So, lately we have been striving to make Dabo a Test Driven Development (TDD) project. This means that we are implementing unit tests for all of the code. This wiki article explains what exactly a unit tests is and guidelines for creating tests.

Test-Driven Development Tutorials

Probably the best explanation of unit tests can be found in the Dive Into Python book. It gives a well thought out structure to unit testing and provides a sample for the unittest module. If you are new to agile development and a TDD environment, here is a wonderful place to start.

What is Unit Testing?

All software has requirements associated with it. These can be formal or informal, but when coding a module you expect methods, properties, and classes to behave a certain way. We can write a test suite that will test the software to make sure that it behaves in the way that we expect it. These tests are called unit tests. The Unit part means that we will only test the smallest possible part of the application. For OOP and Python in particular, this represents a Class or a function. Note that methods are not a unit because they can't function without the class.

The goal of the unit tests is to isolate every part of the program and show that the individual parts work. The tests provide strict requirements that the units must satisfy. Unit testing is not a replacement for integration testing or high level systems testing. You must still do that to catch some bugs. But, by showing that all of the individual parts work we can begin to isolate and fix bugs easier.

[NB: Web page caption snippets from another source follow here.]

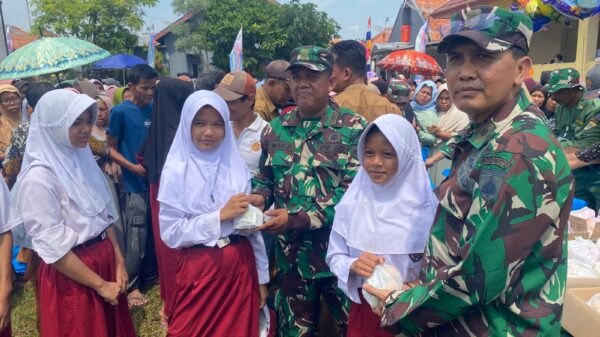 TMMD Ke-127 di Brebes: Ribuan Anak Dapat Bantuan Gizi, TNI Gencar Cegah Stunting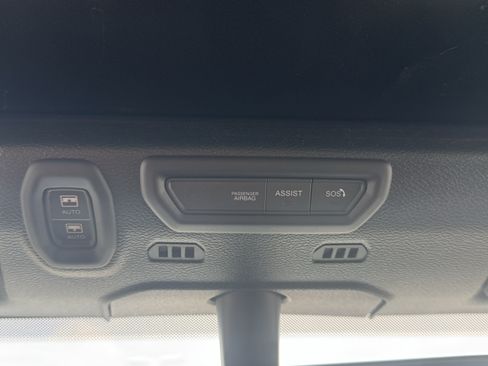 Used 2023 Jeep Wrangler Unlimited w/ Sun & Screen Package AWD/4WD image 29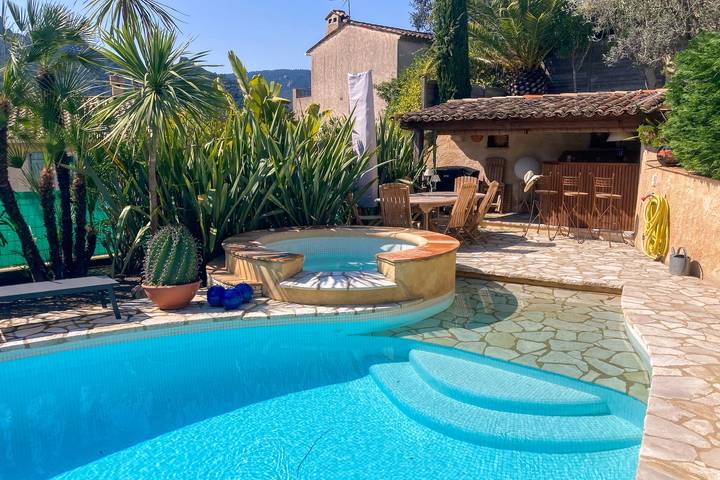 Villa pour 7 personnes, avec piscine et jardin, adapté aux familles à Fréjus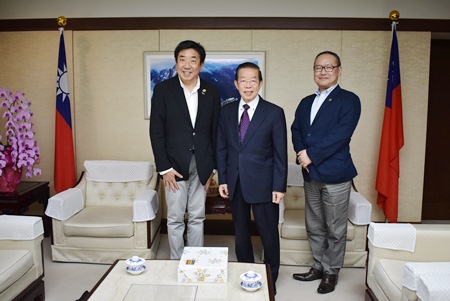 謝長廷・駐日代表（写真中央）、山本龍・群馬県前橋市長（左）、高松秀光・前橋市役所 総務部 秘書広報課長（右）。
訪問の中で山本市長は、「道の駅まえばし赤城」で「台南フェア」を今年6月30日～7月2日に開催することを紹介した。
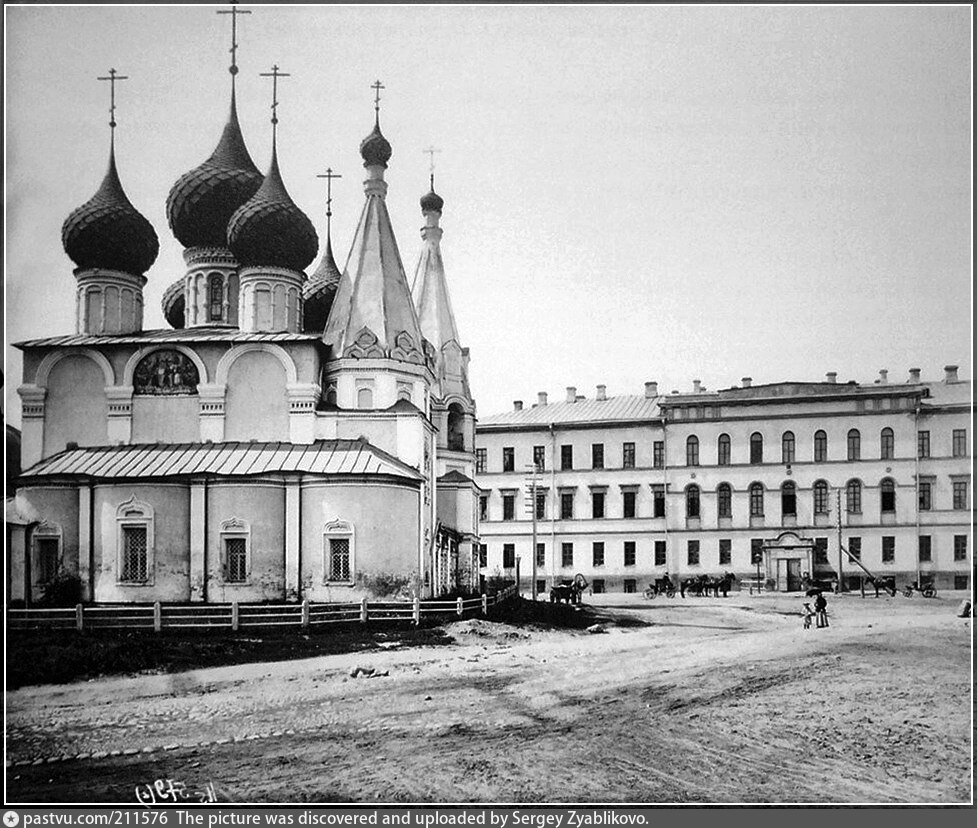 Первый ярославль. Церковь Спаса на городу Ярославль 1900. Церковь Спаса на городу Ярославль Подзеленье. Церковь Спаса на городу Ярославль 18 век. Фото 19 века Церковь Спаса на городу Ярославль.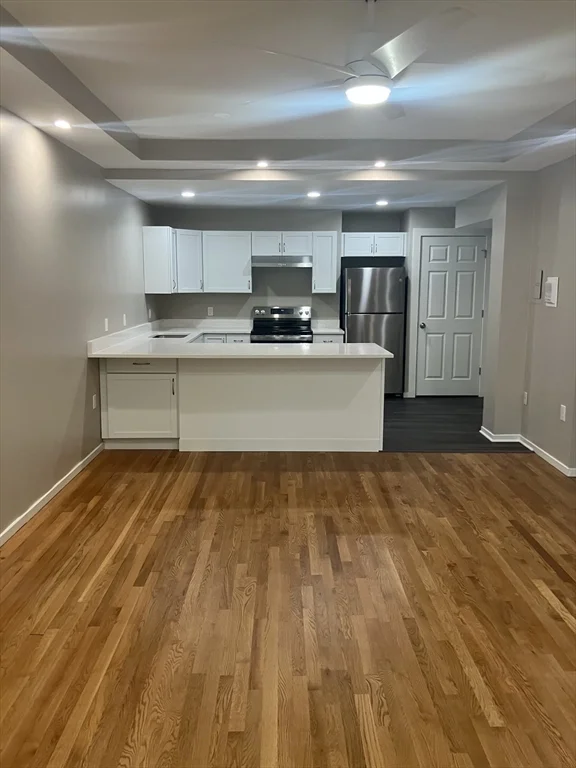 1 bed, 1 bath apartment for rent at 231 Coolidge Ave Unit 401, East Watertown — photo 4 of 18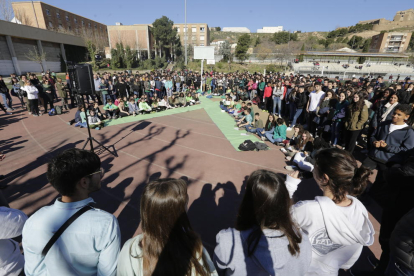 Participants ahir en la concentració a la plaça Paeria per reclamar mesures contra el canvi climàtic.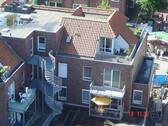 Balkon mit gelbem Sonnenschirm - 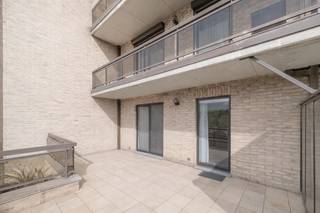 Dit gelijkvloers appartement is uitstekend gelegen op wandelafstand van het station en diverse winkels.U wordt verwelkomd via de inkomhal die...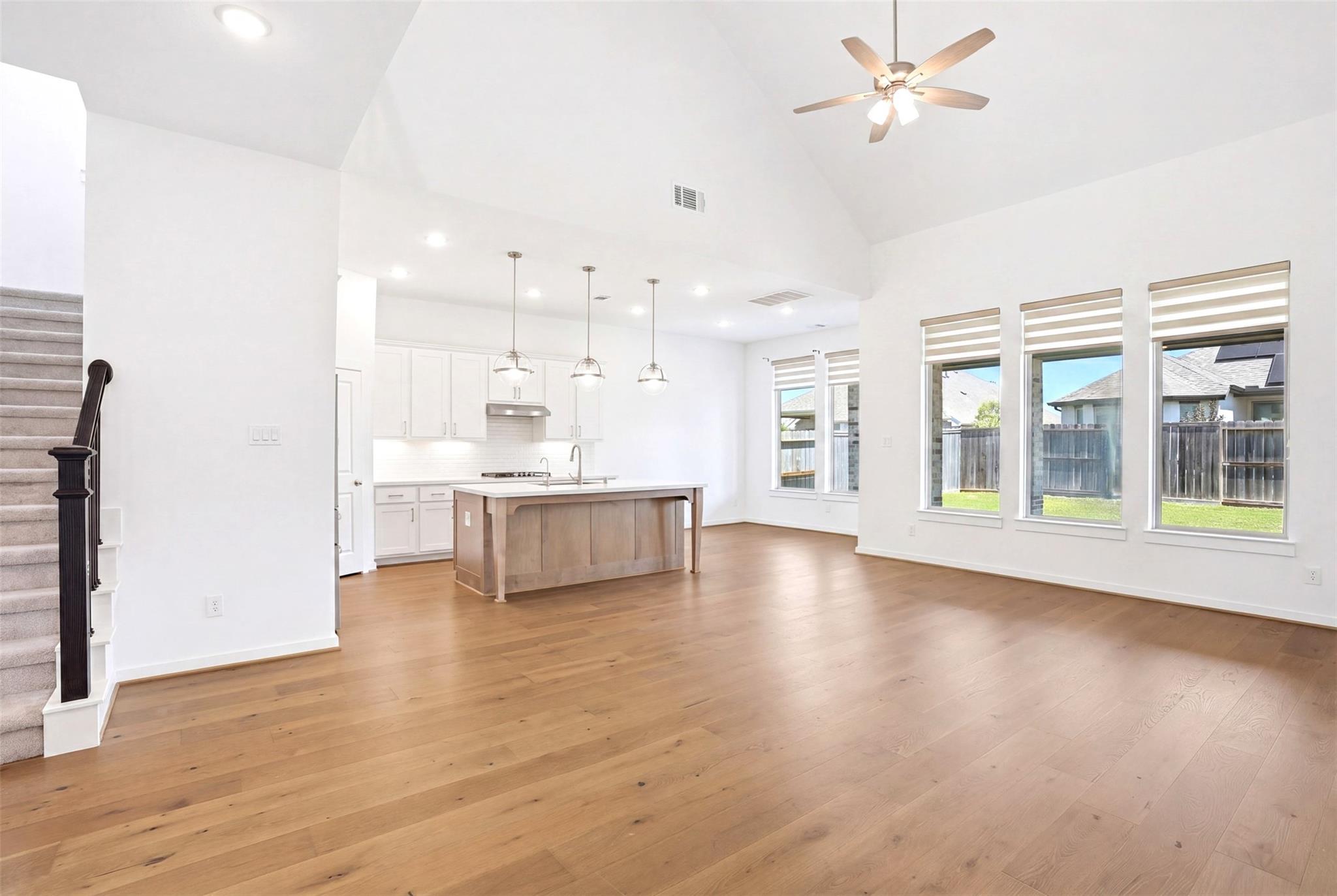 29914 Violet Crest Court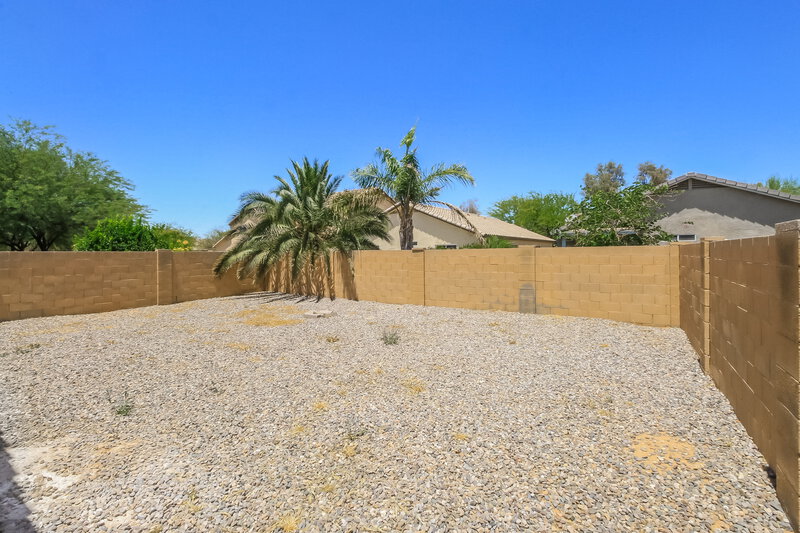 1,890/Mo, 3944 E Pinto Valley Rd San Tan Valley, AZ 85143 Rear View 2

Advantages Of Unit Testing

  1. Forces the developer to think about and explicitly define the requirements of a function
  2. Helps prevent unnecessary code because the developer will know that the function has complete functionality when all tests pass.
  3. A developer can be confident that when he changed the code the function still behaves the same way
  4. In a team environment, you can be sure your new code doesn't break anyone else's code because the tests all pass. (Assuming all of the tests have been shared with the team)

How Do I Know If A Test Is A Unit Test?

Here is one of the more applicable quotes for unit testing. Please note that the context of this quote is referring to units that don't explicitly do these things. For example, if you are testing a C system function that accesses a file on a FAT32 system, of course you need to access the file system. But, a function that takes a string input and counts number of words shouldn't have a test that connects to the filesystem to get the string because that is not a requirement for the function. "A test is not a unit test if:

  • It talks to the database
  • It communicates across the network
  • It touches the file system
  • It can't run at the same time as any of your other unit tests
  • You have to do special things to your environment (such as editing config files) to run it.

Tests that do these things aren't bad. Often they are worth writing, and they can be written in a unit test harness. However, it is important to be able to separate them from true unit tests so that we can keep a set of tests that we can run fast whenever we make our changes. " - Michael Feathers

This is a good quote that I found in one of his blogs. Basically, a test is a unit test specifically if it tests one and only one unit. You shouldn't have to access a database through a servlet to get data for a test. Instead, unit tests will take advantage of dummy data and mock objects to completely isolate the tests from the outside world. A mock object is a simulated object created to mimic an actual class object in a way that can be controlled. They help to test the behavior of the unit (think crash test dummy in a car). Your unit tests need to only test one unit at a time. Anything else is more of an implementation test.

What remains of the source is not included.